Performance of the application is good, we use almost all the memory of the server, but we never experienced problems. Now, after the last deploy, periodically we see this exact series of events from Task Manager:

– Another w3wp.exe was launched, it has the very same IIS user (jarvis) and the very same command line of the existing instance of w3wp.exe
– That process is in state suspended, but it starts allocating RAM
– That process is a child of the original w3wp.exe process
– The web application works normally, all requests are handled by the original w3wp.exe process and the site responds quickly
– Suspended process continue to grow in RAM usage, until it arrives approximately to the working set of original w3wp.exe process, then it is closed
the original w3wp.exe process was not recycled and continue worked perfectly

The real problem is memory usage, because when this sequence of events starts, the machine starts experiencing memory pressure and everything is really slow, sometimes a third w3wp.exe suspended process starts and this bring down the performance of the machine

image

Figure 2: Windows detects low memory, and w3wp.exe process is the problem

This is the problem when you did a good dimensioning of the machine, when something out of your control happens and some process is using more resource, performances starts to go down.

If you try to kill the new w3wp.exe suspended process, its working set drops to 4k, but it remains suspended and cannot be killed.

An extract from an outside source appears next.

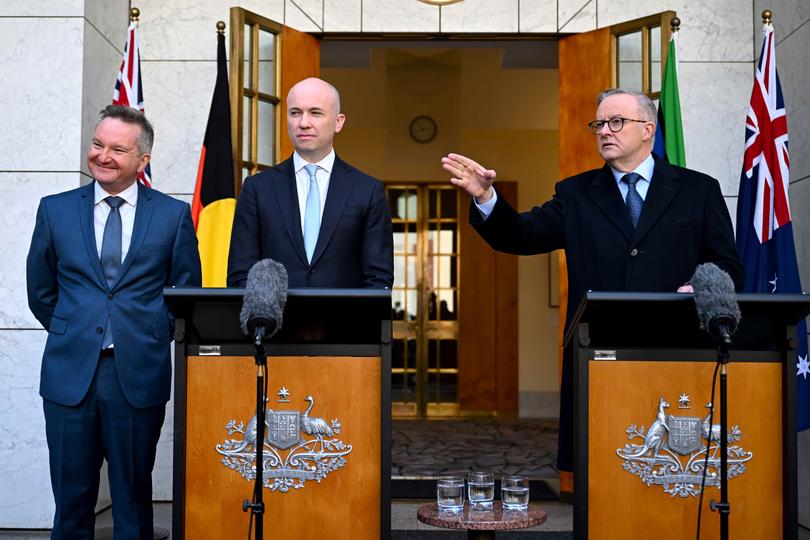 Prime Minister Anthony Albanese, right, said Mr Kean, centre, was the best person for the job.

This is a nasty situation, because performance of production server was poor, and the only workaround was adding another RAM to the virtual machine, but we really hate wasting RAM for unnecessary task.

After a couple of hours of searching we were frustrated because:

1) This has nothing to do with Recycling, the original process was not recycled, every article in the internet refers to some recycling problem
2) This happens only after last deploy, but we really did not change a lot the code in the last sprint
3) Whenever a w3wp.exe suspended process appears, it reach the same amount of memory of the official w3wp.exe process before disappearing, this is important because the new process must be related to the old one.

The only possible reason for this behavior is that something is creating another process in suspended state to create a dump of production w3wp.exe process

When you take a memory dump of a process it will freeze for the duration of the dump, but you can also spawn a new process, copy memory and then dump the other process. With this technique the original process continue to run.

Armed with this intuition we start searching for *.dmp files in all disks, and immediately we found a temp folder with some dump of 1.7 GB size. Bingo: this confirms our hypothesis, something is creating dump, and this creates too memory pressure.

By carefully analyzing what happened the only explanation of the issue is “something is creating dumps of w3wp.exe process.

Now we start searching for the possible culprit and after some unsuccessful search on internet (we found tons of article related to lots of reason but noone was applicable to our situation), we were a little bit frustrated.

This is the problem when your production server does not works well, you feel in an hurry and you made mistake, since we located the .dmp file we can simply use SysInternal Process monitor to verify what process was reading or writing in the folder containing dump.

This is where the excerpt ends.